Architecture decisions : eval-harness

Concetti & Teoria
Motivazione

Motivation

Code shows what the system does; it rarely shows why. These are the
load-bearing decisions that shaped eval-harness — each a problem, the choice
made, and the trade-off accepted. They are grouped into the arcs they belong to.
Do not unwind a non-obvious one without understanding what it holds up.

The data arc: knowledge as reviewable, local-first state

Datasets are YAML, never database rows

Problem. Evaluation datasets must be reviewable, diffable, and survive
database wipes. A DB-backed dataset is invisible in a pull request and
couples evaluation to schema.

Decision. Golden datasets live in eval/golden/*.yml and load through a
strict-schema loader; the package never persists them. They are versioned
with your code and reviewed like code.

Consequence. No UI-driven dataset curation, and operators need YAML
fluency — accepted in exchange for PR-reviewable, diffable, durable datasets.

The report is human-readable and machine-versioned

Problem. A report must serve both a human reading a PR and a dashboard
wiring in once.

Decision. Two renderers over one immutable EvalReport — Markdown for
humans, versioned JSON (eval-harness.report.v1) for machines — evolving
additively.

Consequence. Consumers branch on schema_version and trust fields not to
change meaning within a major. See the report contract.

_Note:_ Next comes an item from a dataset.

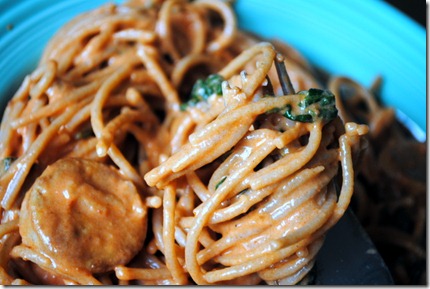 whole wheat spaghetti marinara sauce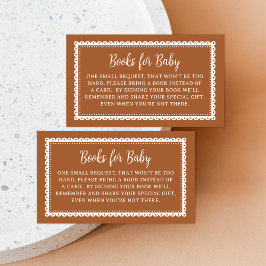 Mexican Cielito Lindo Baby Shower Books for Baby Begleitkarte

Minimal schema footprint — one auto-loaded migration

Problem. A package that mutates the host schema on install is intrusive.

Decision. Datasets are YAML and results are JSON on a disk. The package
ships exactly one migration — eval_harness_online_scores for the
optional online-monitoring feature — auto-loaded by the service provider so it
is available to host apps and to RefreshDatabase in tests.

Consequence. php artisan migrate creates that single table; the feature
is off by default so it stays empty until you opt in, and no existing table is
touched.

The provider arc: control and testability over convenience

Raw Http:: — no vendor AI SDKs

Problem. Vendor SDKs hide auth, retries, timeouts, and response parsing,
and make deterministic offline tests hard.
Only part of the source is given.